The key to strong content strategy is your ability to identify segments that do matter for your business, industry and sales model. Target those segments effectively and efficiently. Here are a few of the most common ways businesses segment their prospects:

  • Demographics: Your basic segmentation by age, religion, occupation, education level, or, of course, gender. You can leverage roughly the same thing in B2B markets by looking at firm size, revenue, etc.
  • Geographics: Segmentation by location; the best content to market your business to someone from a city may be different from the best approach for suburban or rural prospects. What works for Tennessee guests may bomb for New York guests.
  • Behavioral: This is an excellent way to shape your content marketing efforts. Divide consumers into groups based on their feelings about, knowledge of, and use of your product. Developing strategy for this segmentation method is easy since these factors often influence how guests access your site: the keywords they use to search, for example, or the hashtags they follow on social media.
  • Lifestyle: Also known as psychographic segmentation, this involves dividing prospects and customers by looking at their interests, activities, opinions and hobbies; not necessarily things that obviously influence their interest in your product, but that might influence the best content to draw their attention. If you have a strong social campaign accompanying your content campaign, this can be extremely potent.
  • Benefits: This is segmentation for a savvier class of customer, dividing prospects based on the benefits they are seeking from your product or service. Like behavioral segmentation, this is ideal for content marketing, as it is very easy to detect and funnel prospects based on their point of origin.

How to Find Data

Your ability to accurately segment your customers and funnel them to appropriate content will be largely dependent on how advanced the back end of your site is. If you’re collecting huge amounts of usage information and can easily crunch the numbers on different types of visitors, you’re already where you need to be. You will also want to start making surveys and follow-up calls a part of your sales process, to better shape your understanding of the groups that exist and how they matter.

Remember to keep an open mind. For example, you might find that you have a strange overlap with some other hobby or activity, and that lifestyle segmentation based on whether someone enjoys indoor or outdoor hobbies has an immense impact on your sales figures.

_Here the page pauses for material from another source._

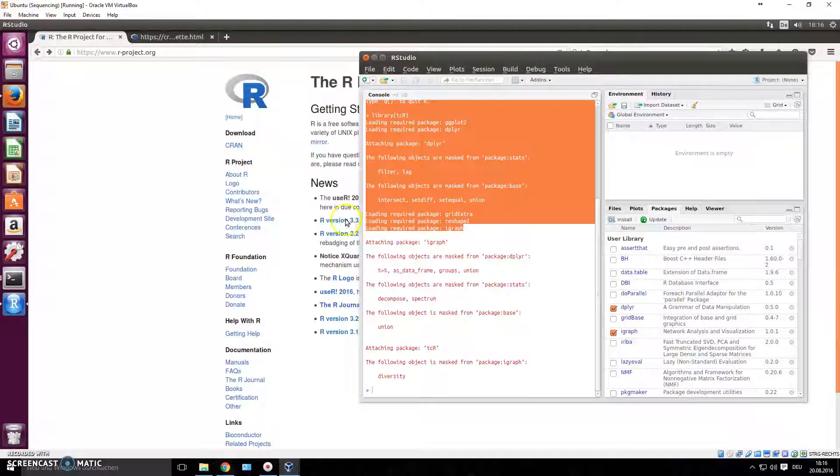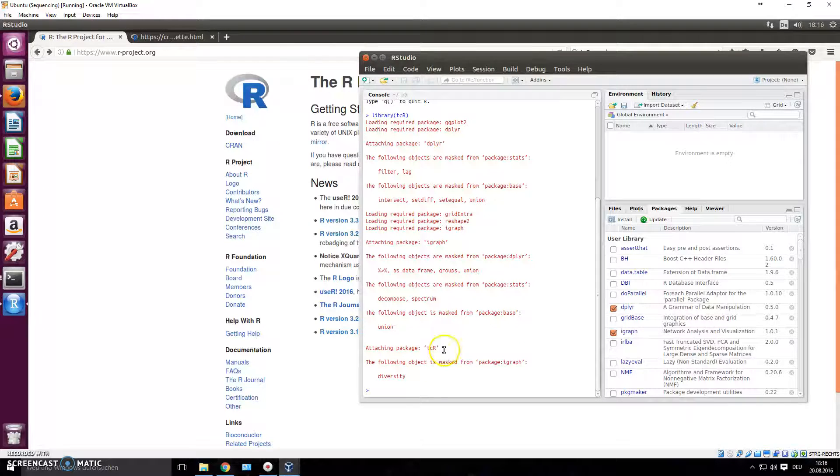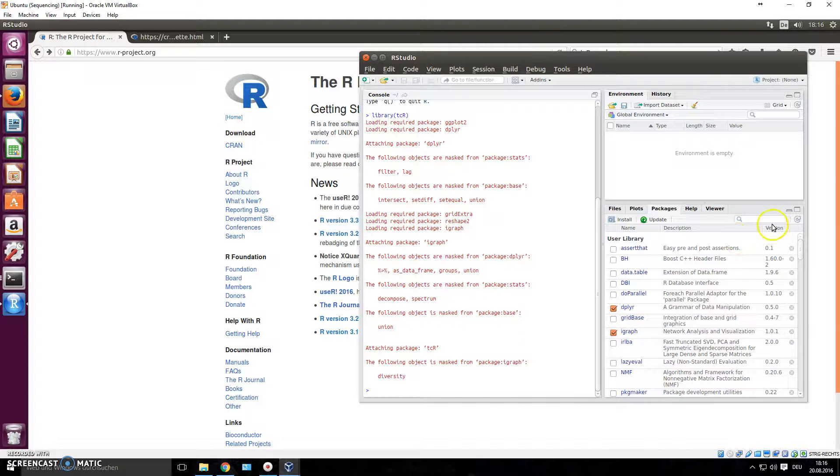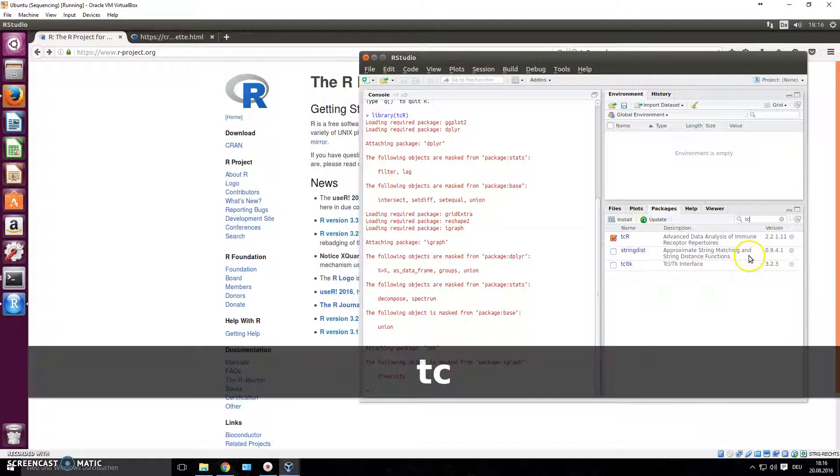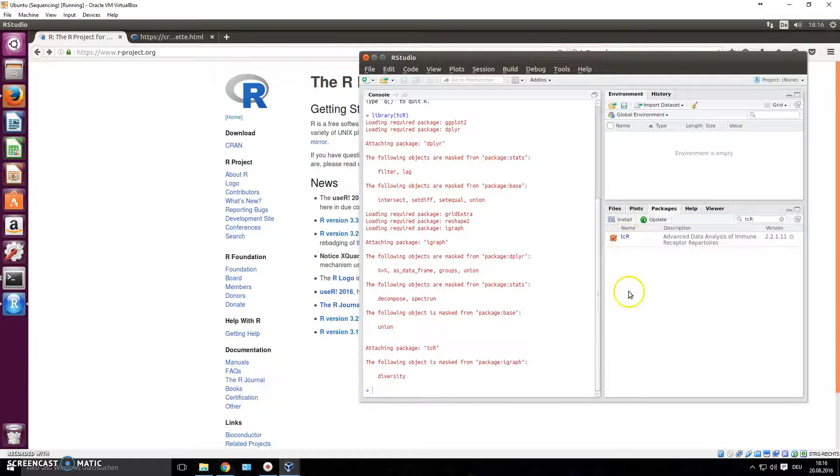And there you go, it loads the package for you. You see it loaded every other package that it requires to run as well. And that's it, tcR is loaded. If we search tcR here, there should be a tick on it now. There you go, there's the tick and this is the package.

Developing Authentic Content

Think back to our initial consideration for a moment: content marketing for men vs. women. If you’ve identified gender as a meaningful division between customers in your market, it’s time to develop appealing content. And that is where many marketers fall into the trap of insincerity.

Writing content for a market does not mean playing into stereotypes – if prospects detect that they’re being targeted haphazardly based on gender, race, political interests, or any other factor, they’re going to lose faith in your brand, content and company.

So one thing should never change in your content strategy: write good content offering value to every potential reader – segmentation should be a matter of prioritizing information or headlines. Do it right, and the benefits become instantly clear.